Artist

Rasputin's Stash

Genre: R&B ,Funk
Origin: U.S.A
Listen on Coda
Martin Dumas Jr., a session musician, originated Rasputin's Stash, a Chicago-based soul and funk octet formed in the Windy City during the 1970s. Early in the decade he recruited seven fellow local session players to complete the lineup. Cotillion promptly signed the group and issued their first self-titled album in 1971. Membership had fallen to four by the time the remaining musicians—Dumas, Ernest Frank Donaldson, Bruce Butler, and Paul Coleman—tracked a second album for Gemigo, the Curtom subsidiary founded by Curtis Mayfield.
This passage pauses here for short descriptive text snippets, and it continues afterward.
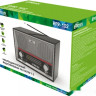 Радиоприемник Ritmix RPR-102 (карбон) Радиоприемник Ritmix RPR-102 (карбон)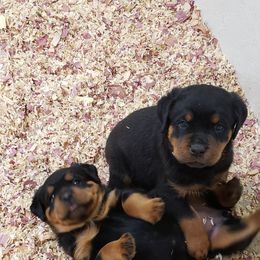 Rottweiler Puppies from SPOON RIVER ROTTWEILERS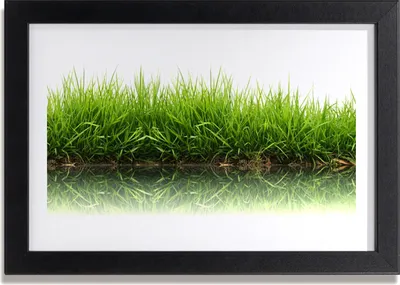Produktbild von Bild 30x20 MDF-Rahmen Wandkunst Gras Natur Pflanze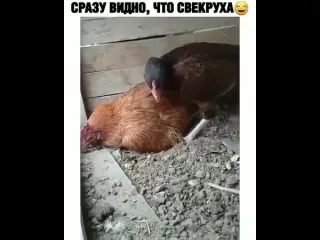 Сразу видно что свекруха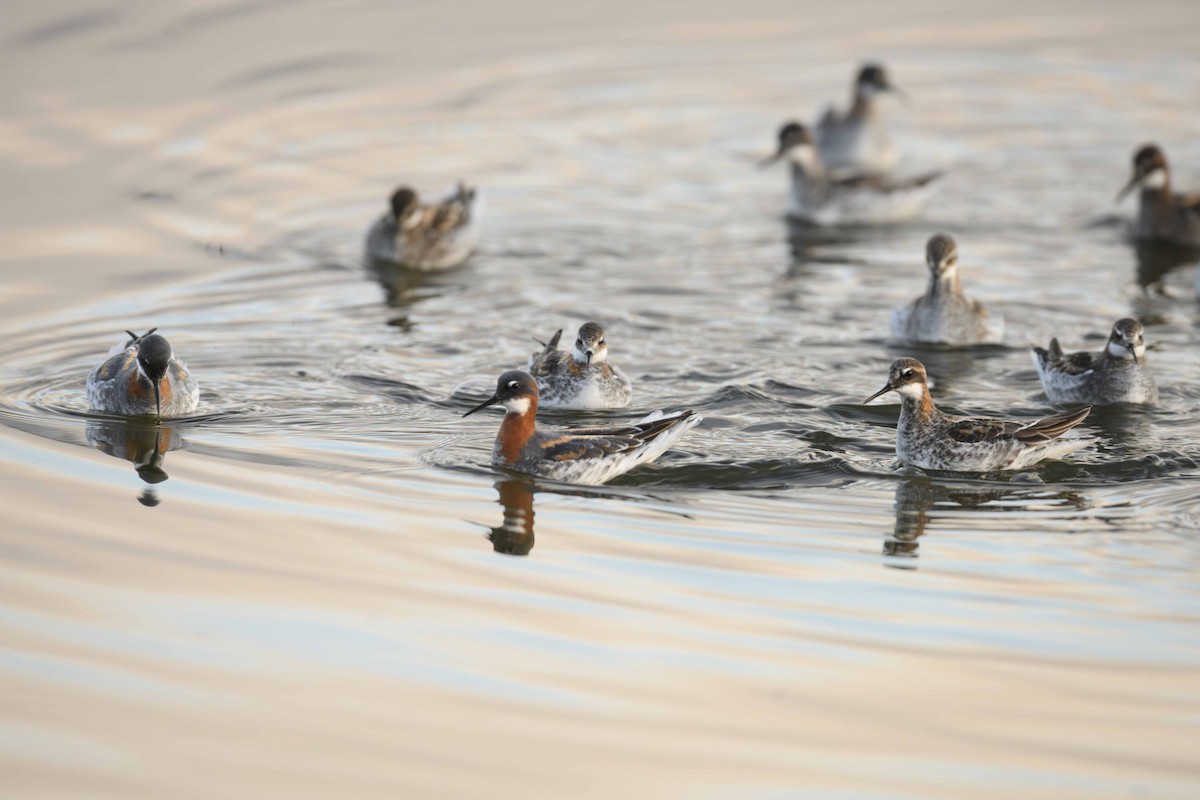 紅領瓣足鷸 - ML636211625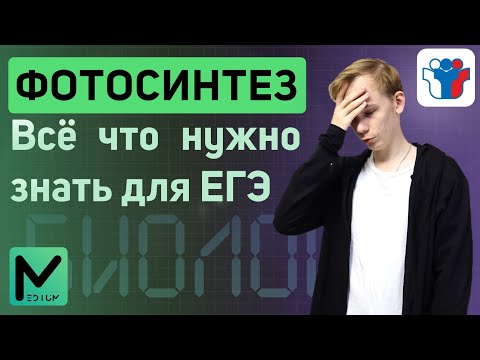 Видео: Фотосинтез / ЕГЭ по биологии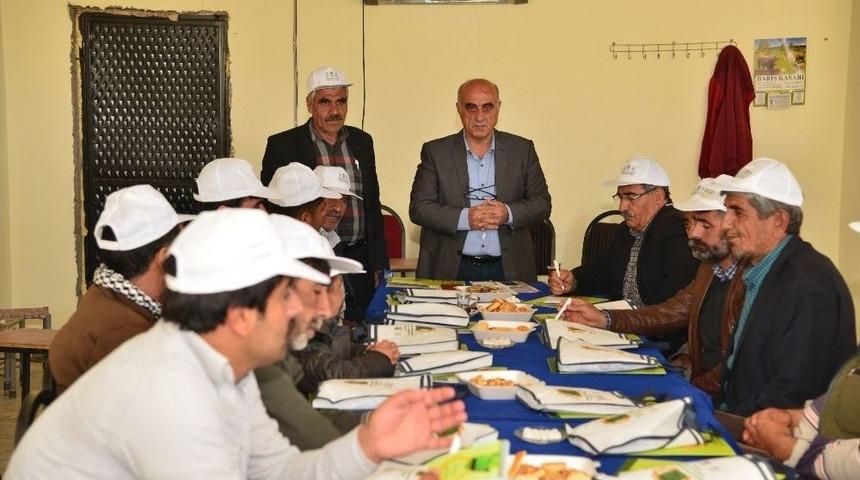 Lice&rsquo;de Organik Tarımın 2&rsquo;inci Etabı Başladı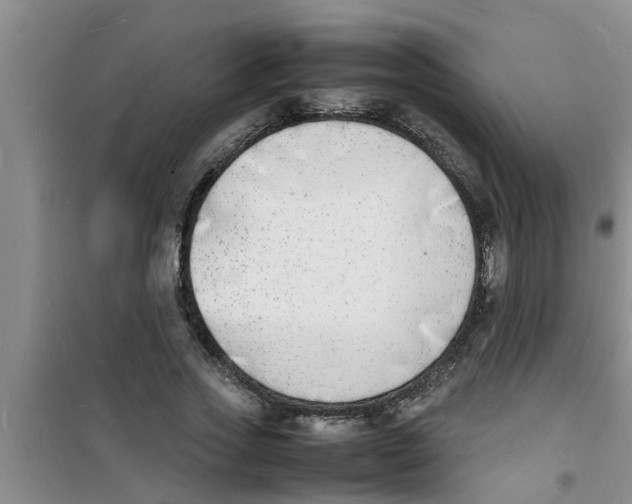 X0000100980733200807221233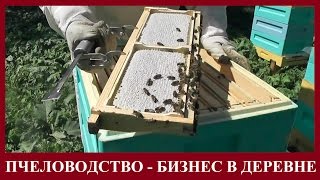 ПЧЕЛОВОДСТВО - ПРИБЫЛЬНЫЙ БИЗНЕС В ДЕРЕВНЕ И НА СЕЛЕ. Производство сотового мёда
The quartet abandoned the possessive in their name and delivered another self-titled LP on Gemigo in 1974. After Gemigo folded, the band transferred to Curtom proper and released two singles late in the decade: “Dance With Me” appeared in 1977 under the moniker r-Stash, followed by “Booty March” credited to Stash in 1978. A distribution change that moved Curtom from Warner Bros. to RSO resulted in widespread roster cuts, and Stash was among the acts dropped. The musicians then disbanded, though not before logging numerous live dates in New York and their hometown of Chicago, where they enjoyed their strongest following. Across subsequent decades Rasputin's Stash and its later lineups remained cult favorites within the rare-groove community. In 2000 the U.K. imprint Sequel assembled the CD compilation The Devil Made Me Do It, which collected the Gemigo-era material and added several unreleased tracks originally slated for a third album.